Irish Pseudohistory and Lore of the Master Poets Part 4

The second section of the Tuatha Dé interlude in the ‘Book of Invasions’ is a chronological list of their rulers/kings with the length of their reigns; Núada 7 years, Brés 7 years, Núada (2nd reign with silver arm) 20 years, Lugh 40 years, an Dagda 80 years, Delbaeth 10 years, Fíachu mac Delbaeth 10 years, and then the 3 grandsons of an Dagda (Mac Cuill, Mac Cécht and Mac Gréine) with a combined reign of 27 years (‘Lebór Gabála Ereann’ various).
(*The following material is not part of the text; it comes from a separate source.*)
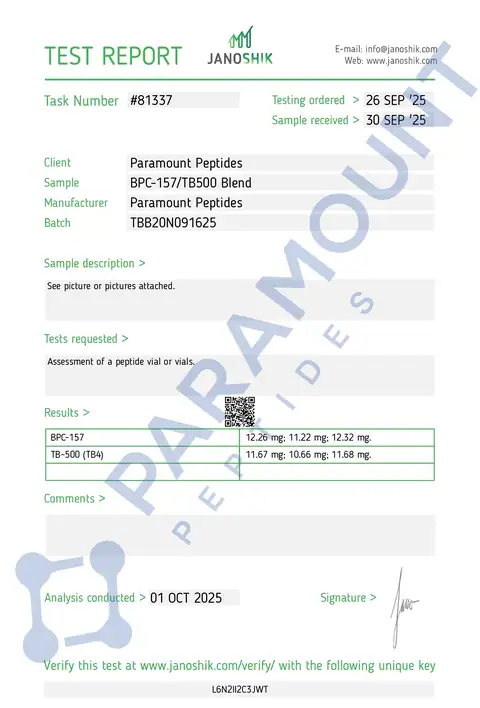 Page 1 of the certificate of analysis for Wolverine Blend - BPC-157 (10mg) / TB500 (10mg) lot TBB20N091625 (Janoshik)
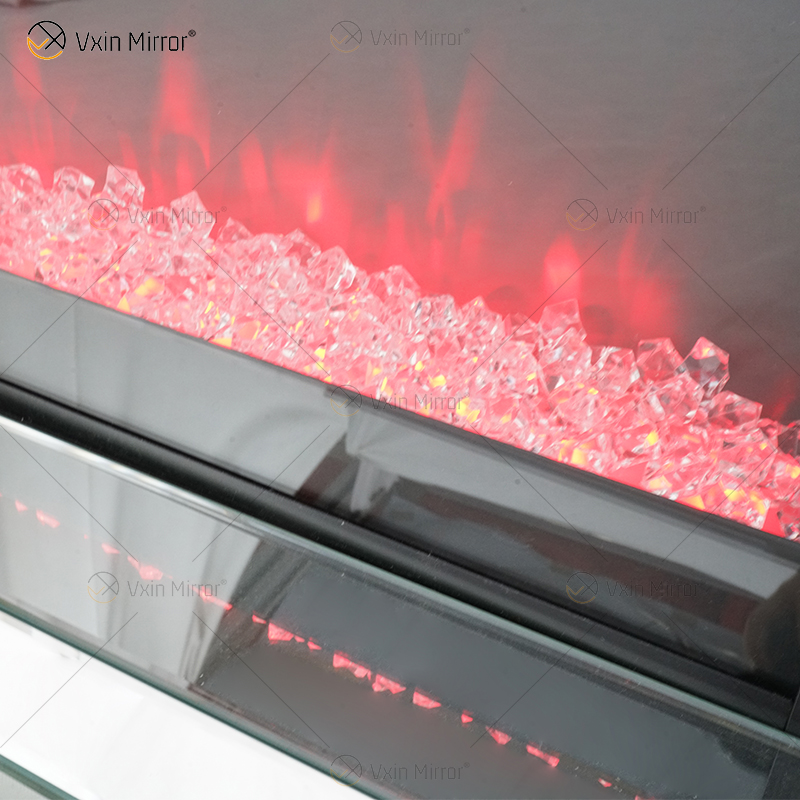 حار بيع WXWF-1097 Sparkle Electric LED Crystal Crushed with Crystal Insert Mirror Fireplace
This part of the text is not of major importance. The earliest version is sparse, though later ones weave in a brief listing of some of the Tuatha Dé’s more minor figures into the text (‘ A Tuatha Dé Miscellany’ J Carey). The regnal periods suggest symbolism: notably as the era of the Tuatha Dé reaches its peak, the kings reigns double in length, not once but twice: 20, 40, 80. Blatantly artificial though this is, we may still discern an echo here of an Dagda’s original mythical eminence as the ‘supreme father’; his sovereignty is the longest, after which things begin to fall away. It is also striking that the 3 longest reigns belong to figures who are all securely former Gods, while those of minor and shadowy figures such as Fíachu and Dalbaeth are shorter. The fundamental pseudohistorical doctrine that the Tuatha Dé’s sovereignty over Ireland was merely a phaseis underscored by this numerical pattern of increase, apogee and ebb.

The 3rd and final subsection before the story of the Gaedhil resumes consists of the genealogies of the Tuatha Dé, and it provides an inventory of the Tuatha Dé with their various attributes. This part of the ‘Lebór Gabála’ has long been a happy hunting ground for those feverishily bent on creating an Irish pantheon (see ‘The Irish Pantheon. Native or Imported Concept’ yours truly), because it contains some transparently old material and shows a clear relationship to the sagas. It is also fearsomely complex, and it is important to remember how fundamental the tracing of lineages was to the workings of power and hierarchy in early Ireland. There could be no nobility without the details of descent. Setting out the family-tree of the Tuatha Dé underlined their realness and provided a chain of relationships extending back into the mythical past. That said, the Gods are never identified as the ancestors of any group among the Irish- the role of forebear having been entirely usurped by the artificial figure of Míl Espáine -even though the idea that the Gaedhil and the Gods had intermarried had been implied by Máel Mura, and presumably represented the most ancient tradition (‘Celtic Mythology’ P Mac Cana).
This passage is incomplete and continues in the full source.